|Fair Employment Practices
|Employers with 15 or more employees are prohibited from discriminating against and harassing individuals based on protected characteristics, such as race, color, national origin, religion, age, gender, handicap, or disability, under the Equal Employment Practices Act and the North Carolina Persons with Disabilities Protection Act.
Additionally, the Retaliatory Employment Discrimination Act (REDA) forbids employers from taking any punitive or adverse action against any employee for filing (or threatening to file) a complaint, starting an investigation or proceeding, testifying or providing information to anyone regarding various state statutes, or initiating a complaint.
|According to North Carolina law, employers cannot inquire about erased criminal convictions, charges, or arrests from job applications, interviews, or other settings.

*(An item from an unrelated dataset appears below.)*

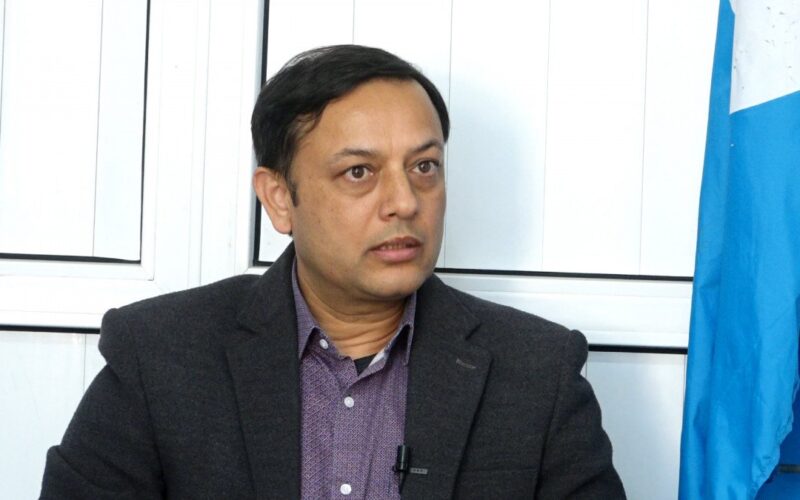 सत्तापक्षको बहुमतपछि सभामुखमा अर्याल निर्विरोध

|Employers who ask job candidates to submit to a restricted substance test are required by North Carolina law to follow specific procedural guidelines, including employing an authorized laboratory for testing, verifying a positive test result, and allowing candidates to request a retest.

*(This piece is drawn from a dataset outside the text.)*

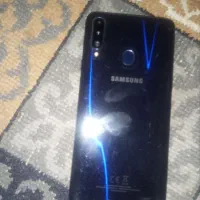 گوشی سامسونگ ۲۰s|موبایل|خرمآباد, |دیوار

|Employers in North Carolina are legally required to use E-Verify to verify new hires' right to work if they have 25 or more employees. Employees with employment terms of less than nine months in a calendar year are exempt from the requirement that their employers use E-Verify.

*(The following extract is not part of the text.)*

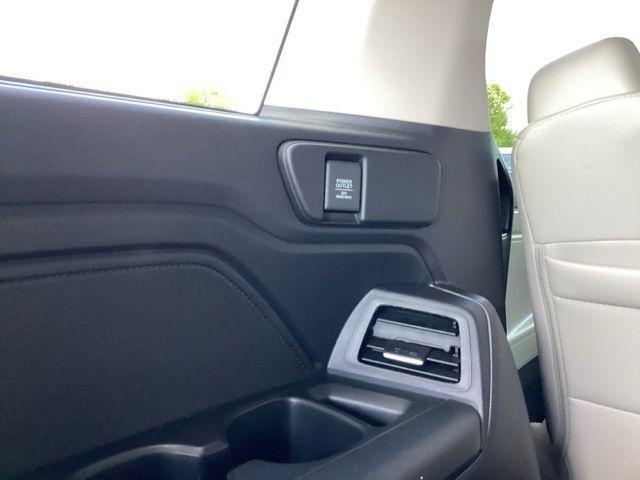 Honda Odyssey  2025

|The minimum wage in North Carolina is $7.25 per hour, which is also the federal minimum wage.
|According to North Carolina law, an employer must pay covered workers overtime at 1.5 times their usual salary for any hours over 40 in a workweek.
|All minors are not permitted to work in any occupations listed in North Carolina law nor those deemed hazardous by the US Department of Labour and the Commissioner of the North Carolina Department of Labour. These include but are not limited to, work that involves the possibility of falling more than 10 feet, work in confined spaces, welding, brazing, and torch cutting, as well as jobs that expose workers to lead, benzene, quartz, silicon dioxide, or asbestos silicate.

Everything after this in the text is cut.